Navigate to Properties > Pushover and create a new Moment-Curvature Report object. In the Section tab, define your column section geometry including Section Type (Circle, Oblong, or Rectangle), dimensions, Cover Thickness, Longitudinal Bar Size, Transverse Bar Size, and reinforcement layout. (see Moment-Curvature Report)

Define material properties in the Concrete Material, Rebar Material, and Circular Hoop-Spiral Confinement Details tabs. Include concrete strength, elastic modulus, rebar yield/fracture stress, steel grade, transverse reinforcement type, spacing, and strain limits.

In the Axial Forces tab, define axial force values covering the expected load range.
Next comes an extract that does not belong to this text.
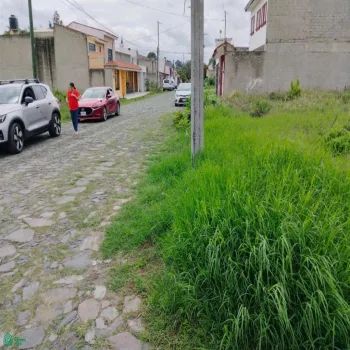 Terreno En Venta,Cortijo de San Agustin,Camino a las Granjas S/N - Lote 12 - Manz 43 S/N, Tlajomulco de Zuniga, Jalisco 45645,Camino a las Granjas S/N - Lote 12 - Manz 43,MX25973508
Include both tension (positive) and compression (negative) values. Example: For a column with –750 kip dead load, enter values such as 250, 0, –50, –100, –200, –400, –600, –750, –1000 kips with intervals of ~50 kips near maximum load.

In the Output tab, click the three-dot menu (⋮) next to Report Output and select "Compute". The system will calculate moment-curvature curves and populate the output field.

The Moment-Curvature Report must be computed before it can be assigned to a Hinge Property. If the report is not computed, the hinge will not have valid stiffness data.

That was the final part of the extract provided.